TOKYO Japan may press China at a global meeting next week for more information about a slowdown in the world's No. 2 economy and risks posed by its "shadow" banking system, Tokyo's top financial diplomat said on Thursday.
Global financial markets have been gripped by concern over faltering growth and financial stability in China, in addition to worries over capital outflows from emerging markets, as investors anticipate the U.S. Federal Reserve will wind down its monetary stimulus.
Both issues are likely to be discussed when finance chiefs from the Group of 20 big industrial and developing economies gather in Moscow on July 19 and 20, Mitsuhiro Furusawa, vice finance minister for international affairs, told Reuters.
"The situation in China is not necessarily clear, and it would be desirable to clarify various data and issues," Furusawa told Reuters in an interview.
"Everyone is not necessarily sharing information on regional shadow banking, and we are paying close attention to see what the real picture is in China," said Furusawa, who acts as Finance Minister Taro Aso's "sherpa" at global financial gatherings.
Grim Chinese exports data this week have some economists wondering if the economy can hit Beijing's 7.5-percent growth target.
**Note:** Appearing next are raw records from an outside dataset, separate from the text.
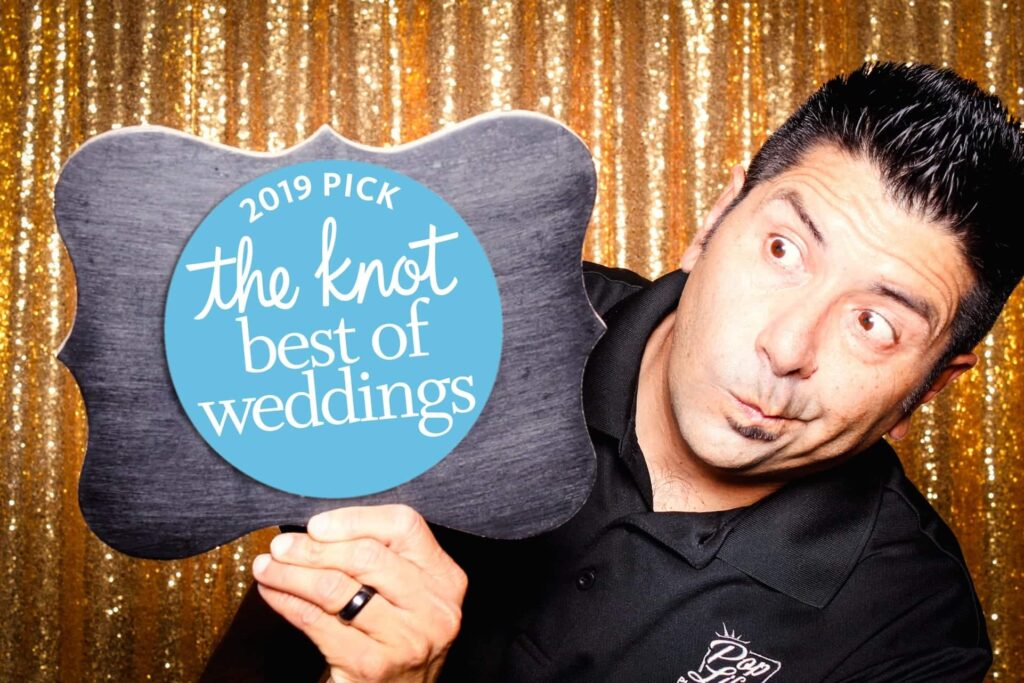 Man holding a sign that reads "2019 Pick the Knot Best of Weddings" in front of a sparkling gold backdrop, celebrating Pop Life Photo Booth's recognition in wedding services.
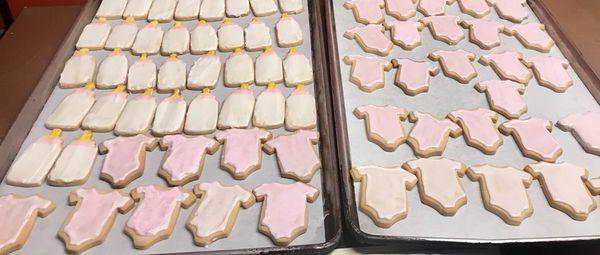 Frosted cookies for baby shower party favors.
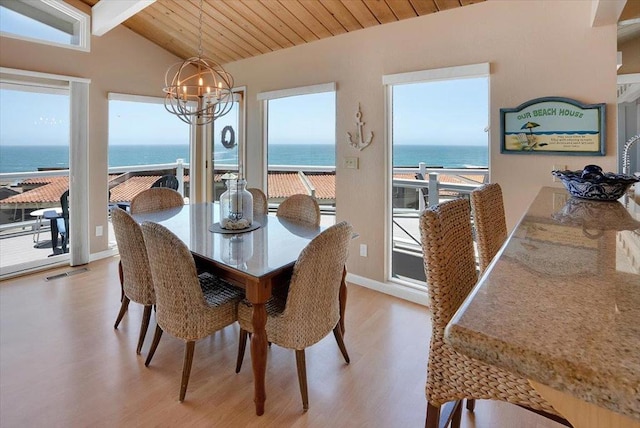 dining space with an inviting chandelier, wooden ceiling, light hardwood / wood-style flooring, lofted ceiling with beams, and a water view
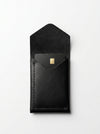 Black leather phone case with gold logo on a white background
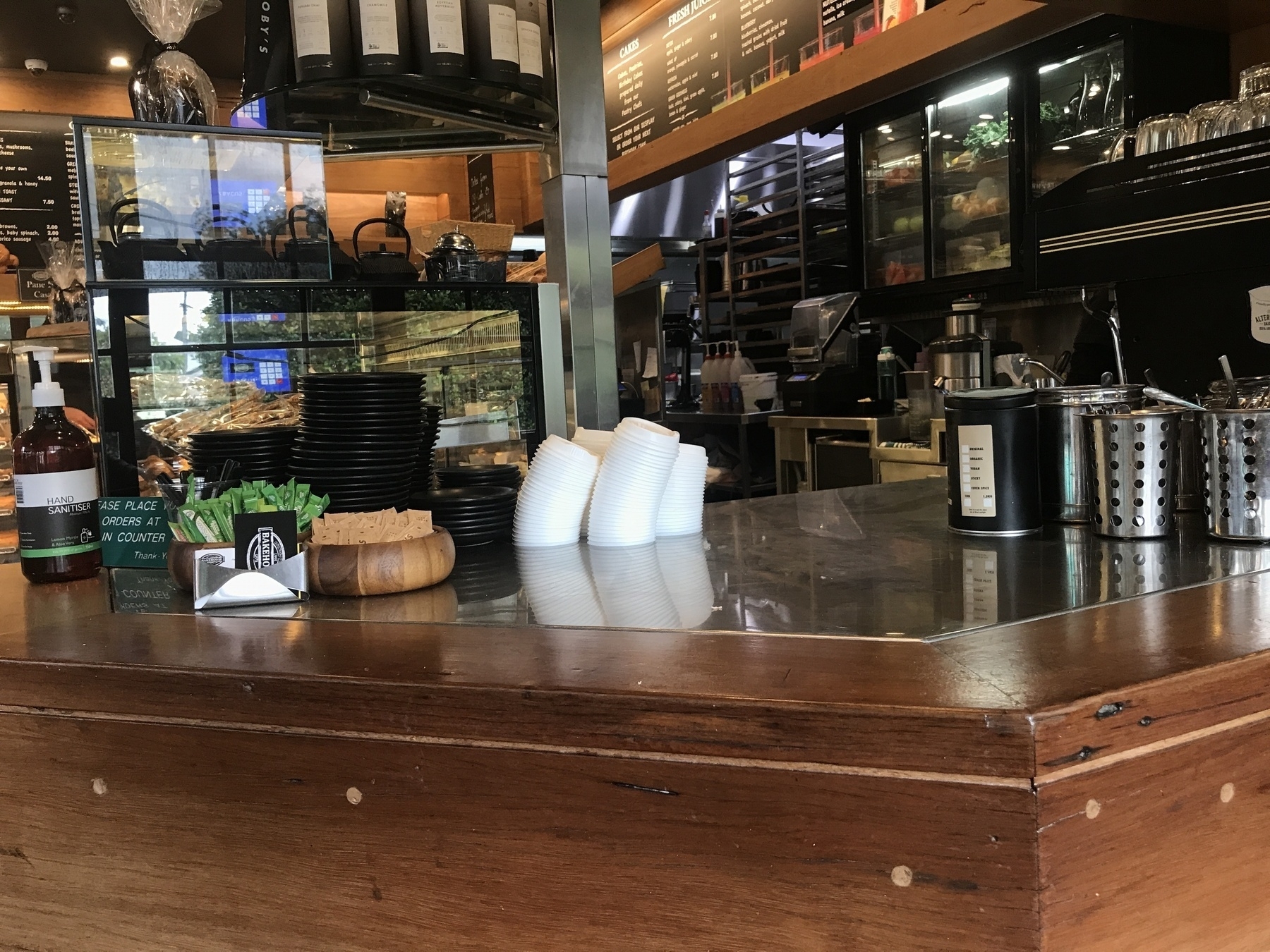 On a highly reflective cafe counter crowded with lids, business cards, wooden bowls, condiments, hand sanitiser and stainless steel containers, four close-packed piles of white throwaway coffee cup lids curve gracefully sideways, like plants reaching for the light. They are mirrored in the counter top.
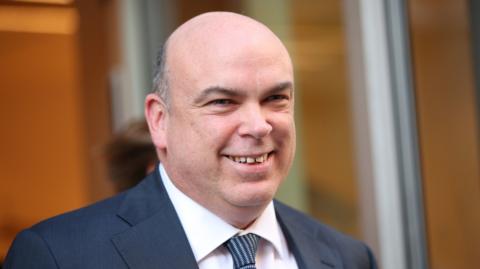 British businessman Mike Lynch in blue suit, blue tie and white shirt smiling 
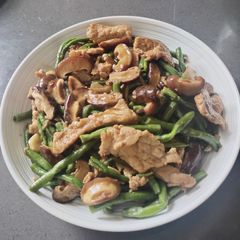 A picture of Stir-Fried Long Beans with Pork and Shiitake Mushrooms.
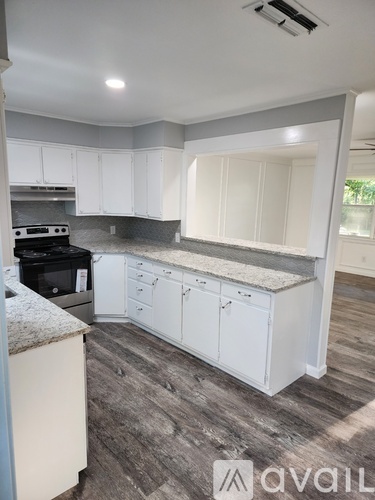 A kitchen with white cabinets and a granite countertop.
Another concern is shadow banking, China's network of thousands of unofficial credit providers, pawn shops, trust firms and various other non-bank loan vehicles.
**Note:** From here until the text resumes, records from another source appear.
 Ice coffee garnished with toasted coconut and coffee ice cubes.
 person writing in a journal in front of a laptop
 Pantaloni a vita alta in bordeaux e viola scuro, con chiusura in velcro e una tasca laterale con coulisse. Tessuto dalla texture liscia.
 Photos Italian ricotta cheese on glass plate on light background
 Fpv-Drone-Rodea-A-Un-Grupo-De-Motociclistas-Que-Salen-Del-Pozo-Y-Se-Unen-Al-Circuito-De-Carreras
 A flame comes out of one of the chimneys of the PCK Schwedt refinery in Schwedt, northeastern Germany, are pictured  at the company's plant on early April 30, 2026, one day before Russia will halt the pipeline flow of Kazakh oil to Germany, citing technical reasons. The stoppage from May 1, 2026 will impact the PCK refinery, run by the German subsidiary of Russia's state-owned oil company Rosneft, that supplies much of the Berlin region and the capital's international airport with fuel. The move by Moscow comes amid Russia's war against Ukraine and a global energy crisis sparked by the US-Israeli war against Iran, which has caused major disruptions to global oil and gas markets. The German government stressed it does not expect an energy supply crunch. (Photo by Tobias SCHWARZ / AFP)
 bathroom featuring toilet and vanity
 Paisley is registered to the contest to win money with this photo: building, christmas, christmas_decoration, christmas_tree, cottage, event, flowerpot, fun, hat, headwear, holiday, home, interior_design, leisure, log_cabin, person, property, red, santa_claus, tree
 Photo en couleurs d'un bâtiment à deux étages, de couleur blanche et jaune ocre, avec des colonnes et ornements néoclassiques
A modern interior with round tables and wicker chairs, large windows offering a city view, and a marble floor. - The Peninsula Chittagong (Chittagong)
Credit rating agency Fitch says some 36 percent of outstanding credit in China, nearly $6 trillion, lies outside banks' loan portfolios, a huge pool of money which market participants find difficult to track and which could cause an ugly credit mess in a steeper slowdown.
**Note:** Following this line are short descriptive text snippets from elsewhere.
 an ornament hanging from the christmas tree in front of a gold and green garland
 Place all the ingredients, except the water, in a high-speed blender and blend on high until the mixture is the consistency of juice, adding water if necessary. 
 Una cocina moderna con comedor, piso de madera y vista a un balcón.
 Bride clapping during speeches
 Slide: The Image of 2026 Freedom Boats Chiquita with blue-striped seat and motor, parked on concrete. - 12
The IMF said on Tuesday China's slowdown was a particularly big risk as Beijing seeks to navigate a shift away from export and investment dependence and toward consumption-led growth.
DOING THE RIGHT THING
Furusawa played down concerns aired by the International Monetary Fund over risks posed by Japan's enormous debt, which, at well over twice annual economic output, is the largest in the industrial world.
And he said Japan would assure other G20 members uneasy over the yen's depreciation that the aggressive reflationary policies of Prime Minister Shinzo Abe do not involve targeting currencies and will have positive spillover effects for the global economy.
When G20 finance ministers and central bankers met in February, the talk was of "currency wars," an attempt by emerging economies to counter the sharp weakening of the yen resulting from Abe's reflationary policy.
The focus of debate has shifted towards the reversal of capital flows out of emerging economies on expectations that the U.S. Federal Reserve will start winding down its stimulus measures later this year, Furusawa noted.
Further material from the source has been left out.